O ex-secretário de Segurança Pública do Paraná (na época do governo Jaime Lerner), delegado de polícia aposentado e ex-deputado, José Tavares, considerou a situação absurda e disse que o governador não pode dar mau exemplo nem acobertar ilicitudes. "Nunca houve um precedente desse. O Conselho entendeu que o policial deveria ser demitido. O governador Roberto Requião se julga acima do bem e do mal. Com isso, ele desmoraliza o Conselho." José Tavares se disse indignado com o fato. "Mas sabemos que o Razera sempre esteve a serviço do Requião, só não sei fazendo o que. E além de tudo, o fato de ele estar à disposição da Casa Civil é outro absurdo.
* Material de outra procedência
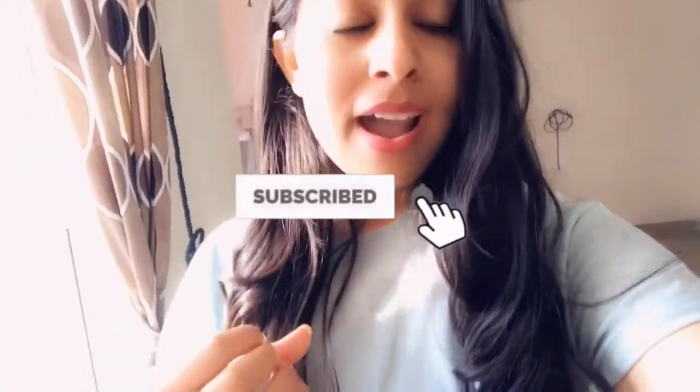Don't forget to like, share, and subscribe to my channel. Thank you to all those who have subscribed and supported me since day one — I'm really grateful. Thank you so much, I love you all, and keep on supporting!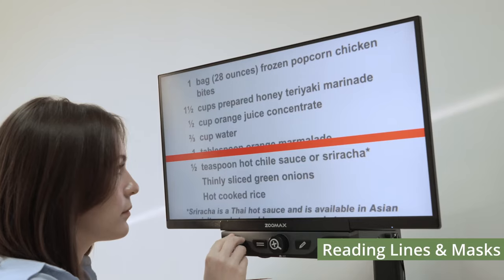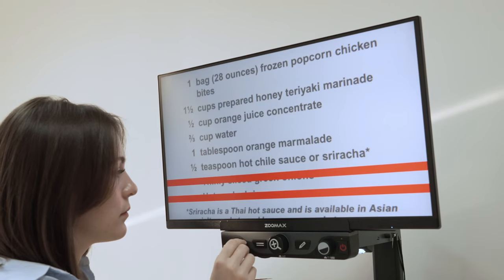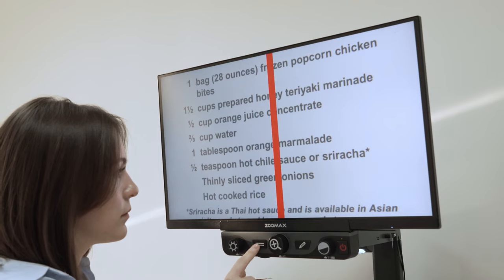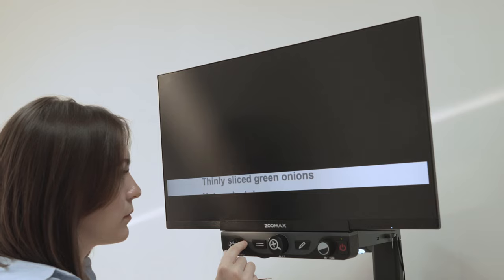Reading Lines and Masks: push the Positioning Auxiliary button to cycle among the available reading lines, and then pick the one you like. Reading Lines and Masks help users in tracing text and make it easy to keep track of your location when you're reading.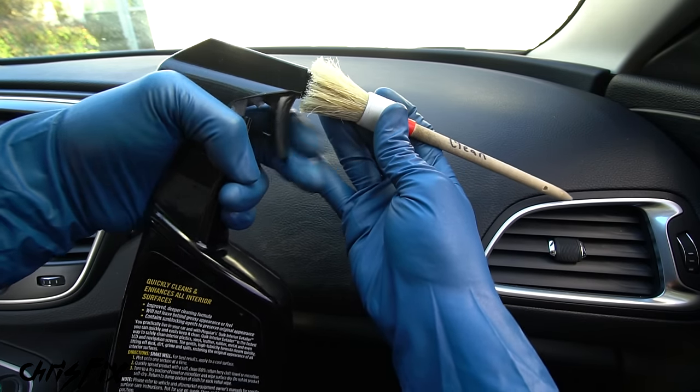So there you go — that is how you super clean the dashboard, door panels, center console, and glass in the interior of your car, and look at how incredible this came out. Hopefully the video was helpful — if it was, remember to give it a thumbs up. If you're not a subscriber, consider hitting that subscribe button. All the tools and products I used will be linked in the description so you can easily find them. The next video is going to be how to super clean your seats to remove all the mud and stains, and the transformation is crazy, so stay tuned.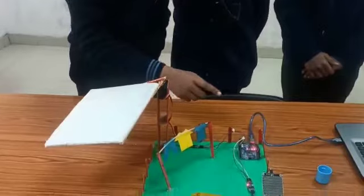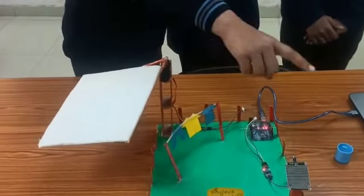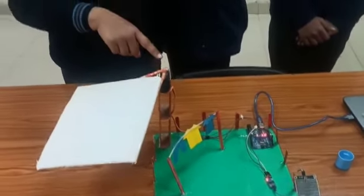So we have made the solution for this problem: the automated shed. In this project, we use Arduino Uno, raindrop sensor and a servo motor.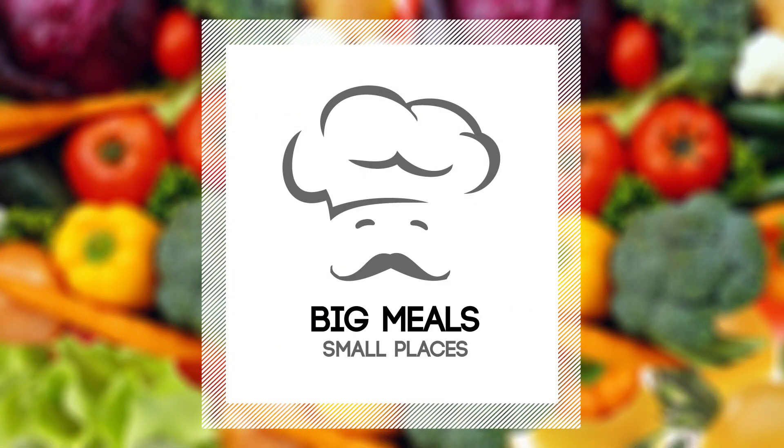If there's ever been a guy on a mission, it's me. Comedian and cooking fanatic, Sal Governale. Each week I travel around with just my toaster oven, showing people how to make big meals in small places.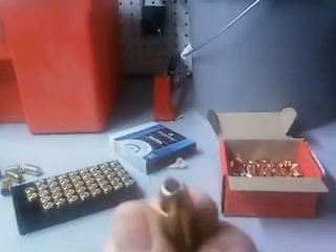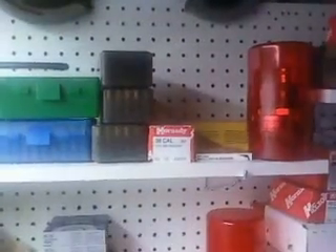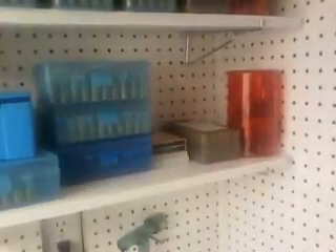We got ourselves a 45 ACP, 200 grain hollow point. That was a minute and a half, but I can do it a lot quicker if I have them on hand. And then I've got my shelf there for 45, my shelf for 357 Magnum, my shelf for 44 Magnum, my shelf there for 454 Casull.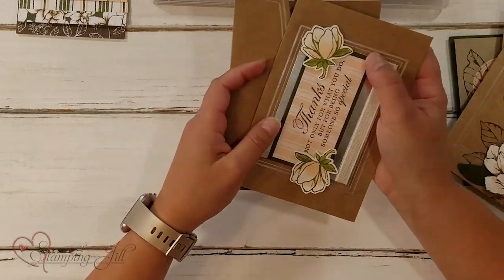I've loved playing with this Good Morning Magnolia stamp set and its coordinating products so much this past catalog year. So if you love it, make sure you visit the blog at stampandjill.com — you can order directly from there and make sure you get these things before they're gone, before they discontinue and the new catalog comes out.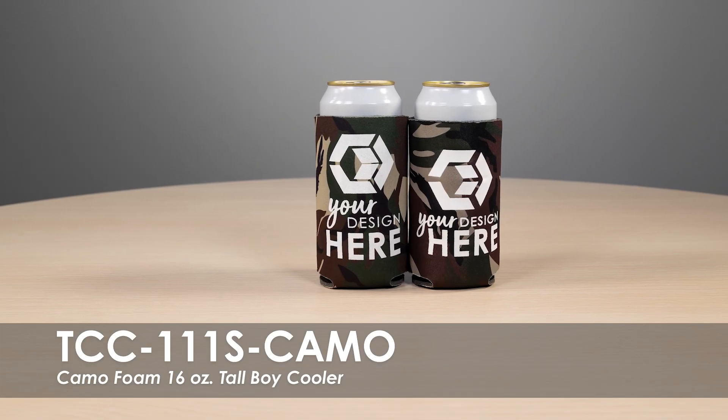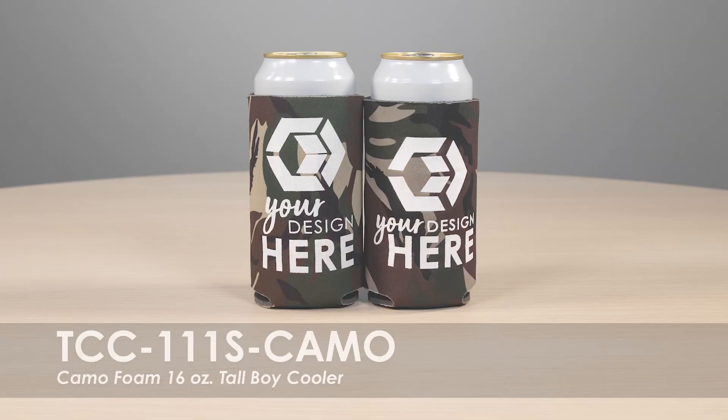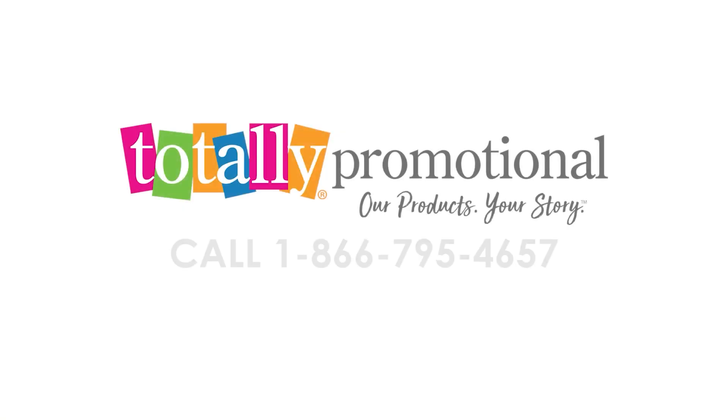They are made from polyurethane foam to keep drinks cold and will fit most 16 oz Tallboy or energy drinks. To learn more about our Camo Foam 16 oz Tallboy Cooler, visit our website for details.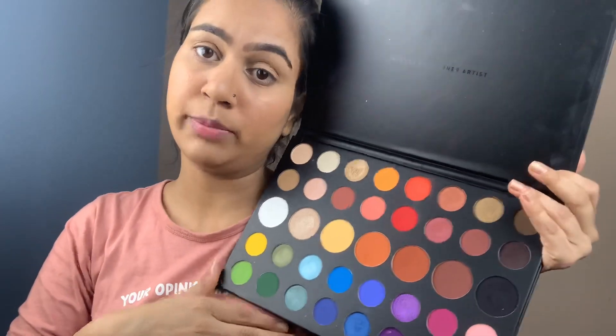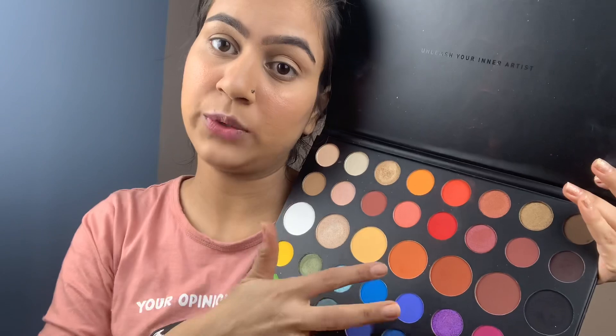Now let's start with eye makeup. First of all, I will apply concealer on my eyelids as a base. I am using colorful eye makeup today with the Morphe Gems Shials Palette — it is a very colorful palette. The first color I am using is orange, which I will apply in my crease.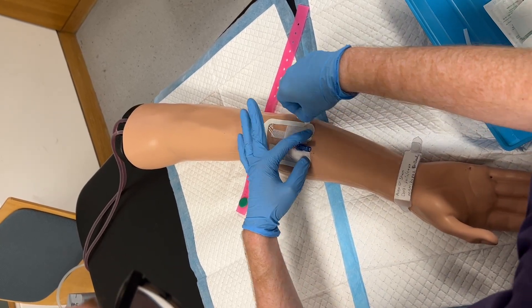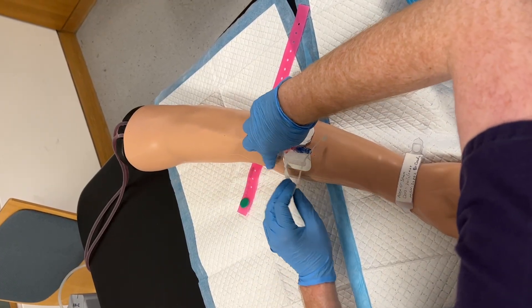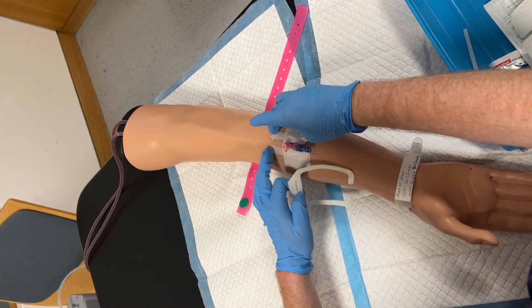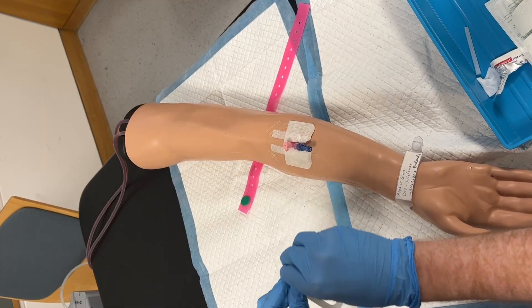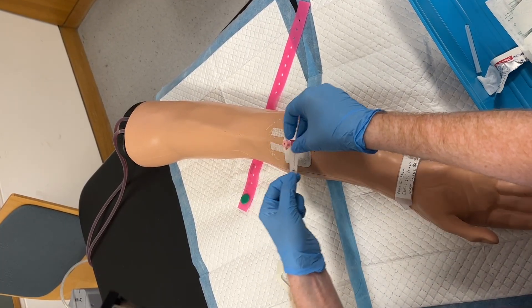If a dressing is put on incorrectly, this can later require removal, which can risk dislodging the cannula. It is important that the transparent dressing allows you to visualise the insertion site, so that this can be monitored for signs of infection.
Há escassez de policiais e o Razera deveria estar na função dele".

O investigador preso foi devolvido pela Casa Civil à Secretaria de Segurança na terça-feira, após ter sido efetuada a sua prisão. Há um protocolo de dezembro de 2005 pedindo que a prorrogação de sua cessão funcional para prestar serviços, neste ano, à assessoria especial da governadoria. Razera usava um cartão com o símbolo do governo e chegou a representar oficialmente o Executivo, segundo texto divulgado no site da multinacional Aker Security.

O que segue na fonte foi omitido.